Dangers of Deepfakes
As deepfake technology continues to become cheaper and more accessible, we will see increased abuse of these forms of documented “truths” that will lead to at least two massive shifts in our culture.
First, we will naturally begin to question everything we see because we won’t know how to easily distinguish between fake—digitally reconstructed or altered—and real. This suspicion of everything will have devastating psychological and cultural effects. As skepticism widens and accelerates, tribalism and political bifurcation will increase, as more people assume their “enemies” are constantly deceiving them while “their side” is the only one that can be trusted.
As skepticism widens and accelerates, tribalism and political bifurcation will increase.
Second, as deepfake technology continues to become more realistic, it will allow people to evade responsibility by throwing the trustworthiness of real video and photographic evidence into question. Imagine someone claiming a photo or video of them committing a crime isn’t really them. They could easily claim the “evidence” is simply a deepfake created for political or personal gain. Even if, at some point soon, we have the ability to authenticate these photos and videos, it will always be a race to keep up with the pace of the technology.

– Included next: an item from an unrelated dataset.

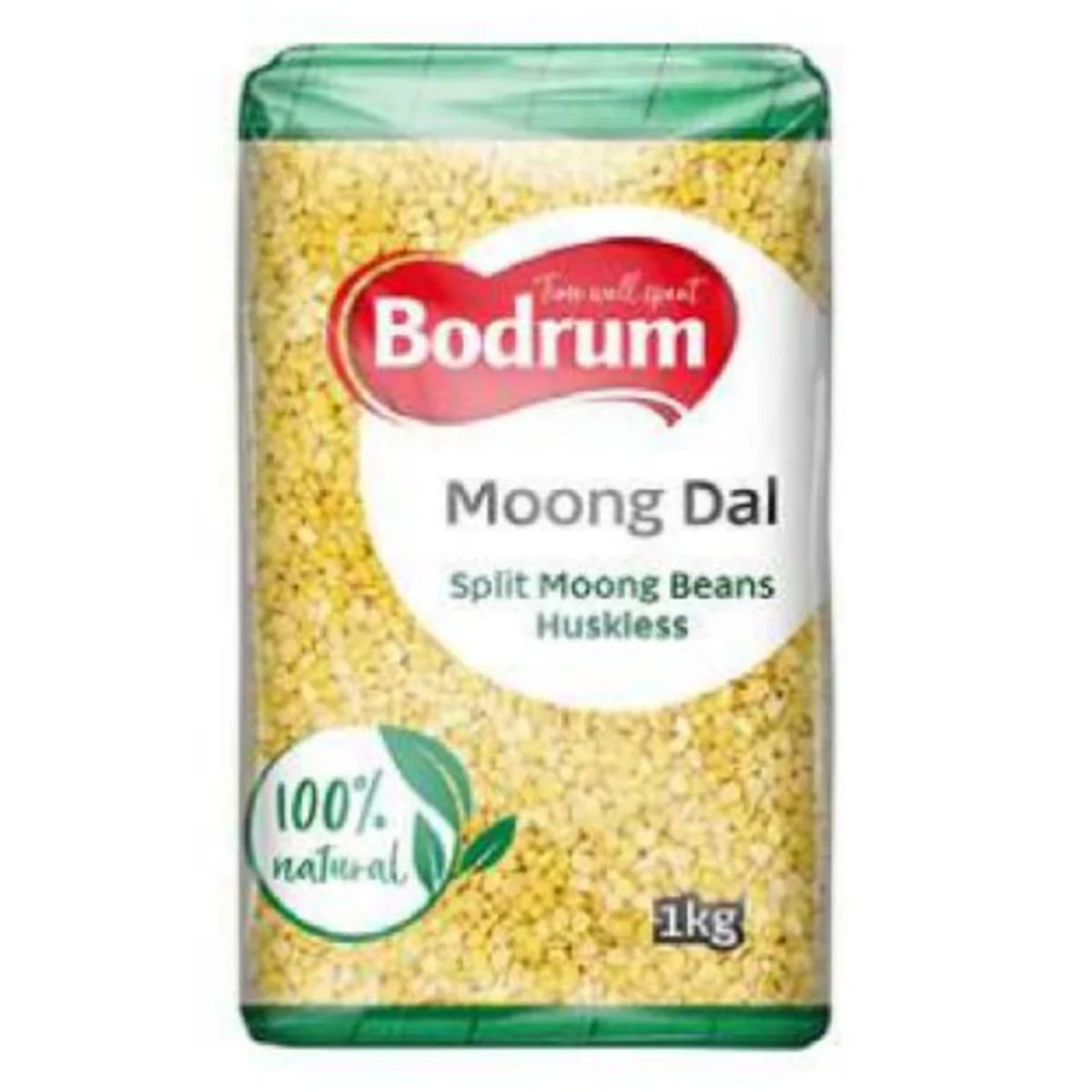 A bag of Bodrum - Split Moong Beans Huskless - 1kg with a label. A bag of Bodrum - Split Moong Beans Huskless - 1kg with a label.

The potential moral and social unrest due to our inability to discern truth from a deepfake should be a wake-up call about the power and influence of technology in our lives. One of the most effective methods in combating this degradation of truth is to simply be aware of how technology can alter our perceptions of the world around us—rewiring our sense of reality—and ultimately dehumanize us and our neighbors.
The call of the Christian in the age of social media, deepfakes, and crumbling truth foundations is to see through the shiny veneer of our latest gadgets to the core of the issues we face. We are living through a massive rejection of truth and reality in nearly every area of life—including politics, sexuality, technology, and even the church. But humans cannot flourish in a world devoid of solid truth and transcendent purpose.
The church has an opportunity to step into the moral void and light the path of transcendent truth to an understanding of God and truth that corresponds with reality—not a deepfaked version to further someone’s partisan agenda or nefarious fantasy.